In many cases images of pages will also be available on line. The pb element also takes an href attribute specifying a URI for an image of the page (e.g. <pb n="37" href="gif/0021a.gif" />). These will also be added in the conversion process by auto-incrementing previous values if necessary. The increment algorithm will be derived heuristically, looking at the first three pb elements. It should be able at least to handle filenames ending in sequences of numbers such as these: (001.gif, 002.gif, 003.gif, …), (001a.gif, 001b.gif, 002a.gif, …), or (001a.gif, 002a.gif, 003a.gif, …) changing at every <pb/> element, or at every other (in case two pages are on each scanned image).

Paragraphs

The first paragraph of a section, by default rendered without an indented first line, may be formatted with the P_First paragraph style. Additional paragraphs in the section may be formatted with P_Continue. Paragraphs that resume after a figure or table should be formatted with P_Resume. These paragraph styles may be modified to make them similar to the styles used in the print edition of the book.

In some books a chapter or section title is followed by a short quotation, summary, or scripture reference. These can be formatted with the SectionInfo paragraph style.

Block Quotes

The BlockQuote paragraph style should be used for extended quotations.
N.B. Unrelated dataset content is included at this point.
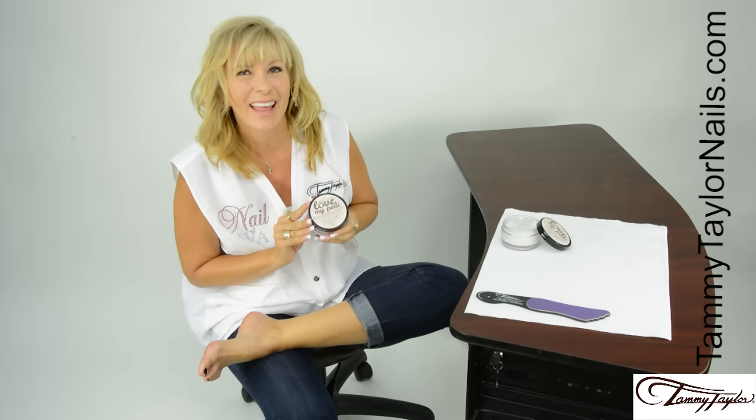And remember, at Tammy Taylor Nails, nails and beauty are always fun and should never feel like work.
A BlockQuote paragraph is by default indented on both sides, with some extra space before and after.

Notes

Footnotes may be entered as normal footnotes in Word, and they will be converted to XML notation in the Word to XML conversion process. However, it may at times be preferable to enter notes using the XML notation directly, in order to take advantage of the greater flexibility offered, or because the word processor in use doesn't support footnotes.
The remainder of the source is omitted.